WORK TO COMPLETE: Retype the data exactly, from its first line to the line containing "WI license plate 805NTX", including both, and skip any picture.

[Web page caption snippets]
---+---

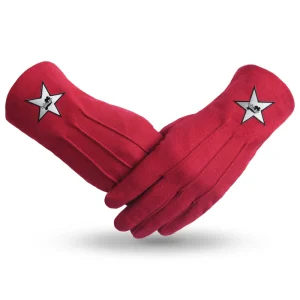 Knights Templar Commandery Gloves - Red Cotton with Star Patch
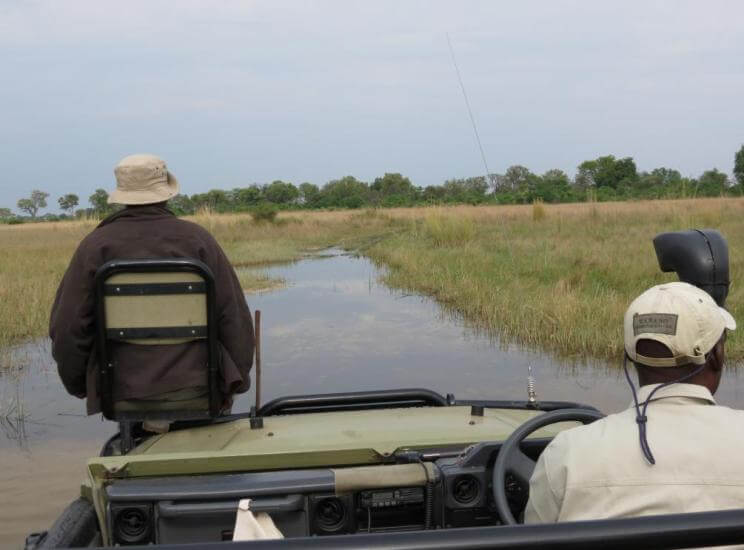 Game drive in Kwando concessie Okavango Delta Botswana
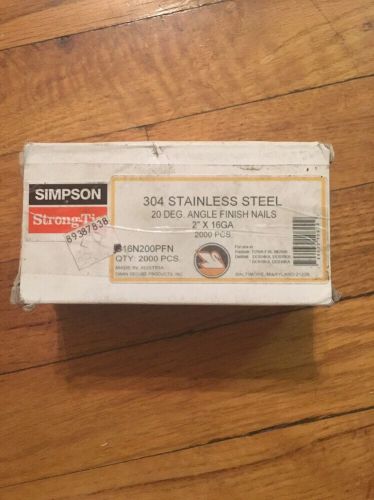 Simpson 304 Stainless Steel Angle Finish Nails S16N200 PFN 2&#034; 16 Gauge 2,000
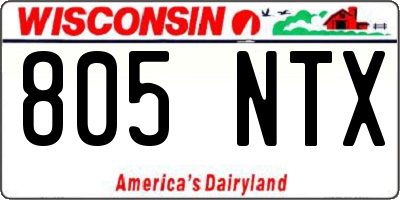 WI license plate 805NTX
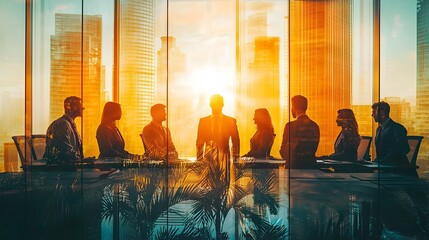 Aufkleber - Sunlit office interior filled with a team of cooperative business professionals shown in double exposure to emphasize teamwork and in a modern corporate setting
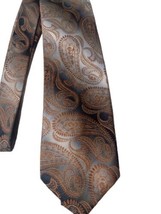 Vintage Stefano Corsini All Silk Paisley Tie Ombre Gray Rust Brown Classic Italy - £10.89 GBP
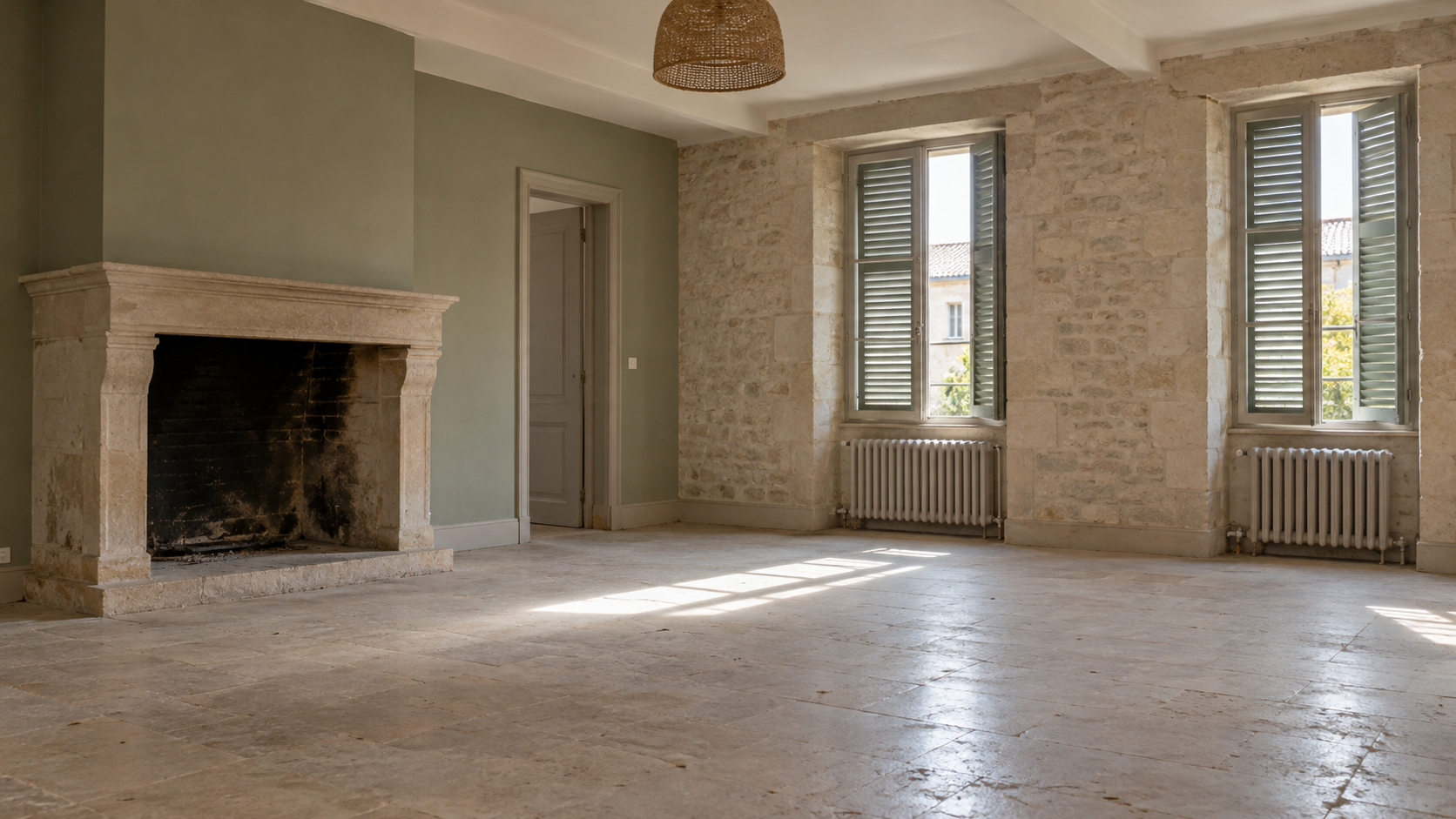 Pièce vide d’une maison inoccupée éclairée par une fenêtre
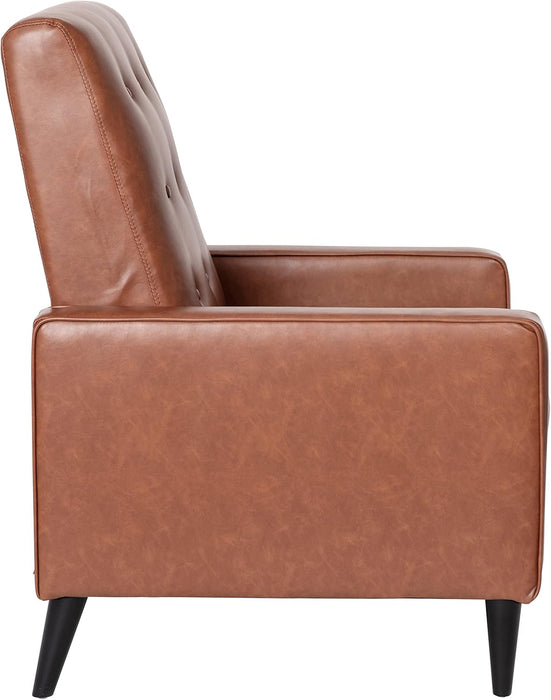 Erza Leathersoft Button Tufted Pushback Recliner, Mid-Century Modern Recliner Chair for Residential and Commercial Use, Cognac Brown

---+---

ANSWER SECTION:
 Knights Templar Commandery Gloves - Red Cotton with Star Patch
 Game drive in Kwando concessie Okavango Delta Botswana
 Simpson 304 Stainless Steel Angle Finish Nails S16N200 PFN 2&#034; 16 Gauge 2,000
 WI license plate 805NTX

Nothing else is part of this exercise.